Preso de maneira equivocada por não pagamento de pensão alimentícia mesmo sem ter filhos, o vendedor Gustavo Lopes, 20 anos, vive uma mistura de sentimentos: alívio, por estar em liberdade; incerteza, por não ter ideia de como foi parar na cadeia; e revolta, pela injustiça sofrida. “Eu dividi cela com outros 22 detentos. É muito ruim ser preso sem ter feito nada”, lamenta o jovem.
O que aconteceu
- Gustavo Lopes, 20 anos, foi preso em 28 de janeiro, em casa, em Taguatinga, por não pagar pensão alimentícia.
- Mesmo provando que não é pai, Gustavo questionou a prisão, mas acabou encarcerado ainda assim.
- Gustavo estava sozinho em casa quando foi detido.
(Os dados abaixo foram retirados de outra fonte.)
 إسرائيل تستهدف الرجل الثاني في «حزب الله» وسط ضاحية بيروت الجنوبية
A família de Gustavo não foi avisada pela Justiça e nem pela polícia.
- Mãe do rapaz, a aposentada Jane Santana, 60 anos, contratou um advogado. O defensor Marco Barbosa constatou que o processo foi iniciado em São Paulo, e o mandado de prisão veio de Minas Gerais. A família e a defesa ainda tentam entender essa dinâmica.
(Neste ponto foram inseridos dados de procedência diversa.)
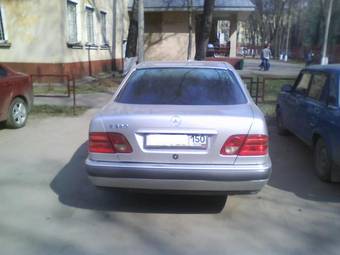 1996 Mercedes-Benz E-Class Pictures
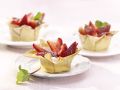 Teigkörbchen mit Cremefüllung und frischen Erdbeeren Rezept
- Em audiência de custódia, na manhã de 29 de janeiro, Gustavo foi solto. Ele teve de esperar por mais algumas horas, no entanto, até a Justiça de MG emitir alvará de soltura.
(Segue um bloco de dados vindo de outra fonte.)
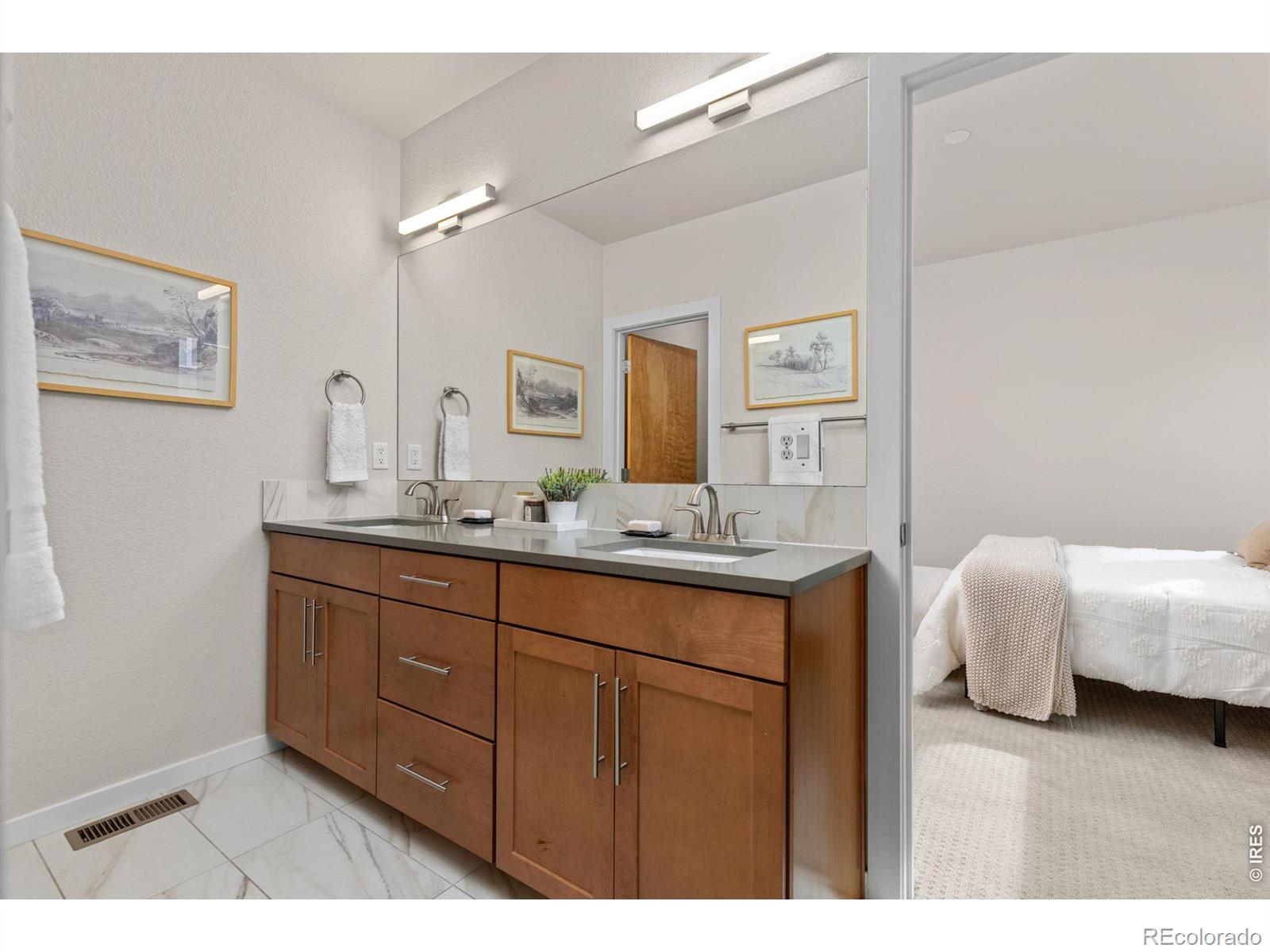 MLS Image #13 for 2111  hecla drive,louisville, Colorado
- Agora, a família busca explicações para o caso e pretende buscar indenização por danos morais.
Em entrevista ao Metrópoles Gustavo relembra o momento em que foi surpreendido por policiais em casa, na tarde do último 28 de janeiro. “Os agentes chegaram falando que havia um mandado de prisão em aberto contra mim por não pagamento de pensão. Eu questionei e disse que não tenho filhos”, explica o jovem.
“Mesmo assim, fui levado à delegacia e fiquei preso até depois da audiência de custódia, no dia 29”, prossegue Gustavo.
“Eu dividi cela com outros 22 detentos. Eu era o mais novo lá. Os homens tinham entre 25 a 60 anos, em média”, relata o vendedor. “É muito ruim ser preso sem ter feito nada. Não tinha por que eu estar lá.”
Mãe de Gustavo, a aposentada Jane Santana, 60 anos, conta que não estava em casa no momento em que o filho foi preso. “Eu fui ao Riacho Fundo com uma amiga e até deixei o celular em casa, porque eu ando de ônibus e tenho medo de ser roubada”, relembra a mulher.
Jane não recebeu nenhum comunicado da Justiça ou da Polícia Civil (PCDF) sobre a prisão do filho. “Quem me avisou foi minha vizinha. Ela tentou me ligar, mas eu só vi as notificações quando cheguei em casa, por volta das 18h”, cita.
“Tenho certeza que foi Deus quem me tirou de casa naquela tarde. Eu não iria aguentar ver meu filho sendo preso. Fiquei muito triste, muito abalada, me desesperei. Foi muito difícil”, diz a mulher.
Faltam explicações
O processo que culminou na prisão injusta do jovem brasiliense teve origem em São Paulo, em 2017, quando Gustavo tinha 12 anos. “Para que o processo tenha se iniciado em 2017, eu deveria estar devendo a tal pensão desde o ano anterior, em 2016, quando eu tinha 11 anos. Não faz o menor sentido”, comenta o vendedor. O erro foi detectado pela Defensoria Pública do Distrito Federal (DPDF).
Além de o processo ser de oito anos atrás, o mandado de prisão partiu da Vara de Execução de Minas Gerais, sem justificativa para tal.
O advogado da família, Marco Barbosa, explica. “O mandado de prisão veio de uma cidade mineira chamada Igarapé. Quando fomos pesquisar o processo, vimos que ele não foi encontrado na Vara de Execução de Minas Gerais, mas sim na Justiça de São Paulo”, comenta o defensor.
Este processo vindo de São Paulo, no entanto, não tem relação com Gustavo. “Não há nenhum dado dele nestes arquivos”, comenta. O advogado, portanto, desconfia que houve alguma fraude ou erro.
“É como se alguém tivesse pego esse número processual e criado um mandado de prisão com a comarca de Minas Gerais, embora o processo tenha surgido da Justiça de São Paulo. Em seguida, esse alguém teria enviado o processo para o Banco Nacional de Medidas Penais e Prisões (BNMP)“, aponta o advogado.
Ainda não se sabe, portanto, por que o processo saiu de São Paulo para Minas Gerais e terminou com a prisão de Gustavo em Brasília, uma vez que os autos não possuem dados do jovem. O advogado seguirá tentando entender o caso para descobrir se de fato houve fraude ou erro.
O fato de a prisão ter sido determinada pela Justiça de Minas Gerais deixou Gustavo preso por mais algumas horas após a audiência de custódia, realizada em 29 de janeiro. “A audiência foi pela manhã, onde o juiz entendeu que houve erro. Porém, tivemos que esperar a Justiça mineira emitir meu alvará de soltura, o que só ocorreu à noite”, lamenta Gustavo.
Justiça
Para além do constrangimento e do abalo psicológico, a família teve de buscar recursos financeiros para contratar o advogado que ajudou Gustavo. “Tive que fazer um empréstimo bancário”, comenta a mãe do rapaz.
A família e a defesa não vão se contentar apenas com o alívio de ter Gustavo de volta. “Vamos procurar justiça, com certeza. Ainda está tudo muito confuso, estamos tentando entender o que aconteceu, mas queremos justiça”, crava Jane.
“Vamos pedir indenização por danos morais”, confirma o advogado Marco Barbosa.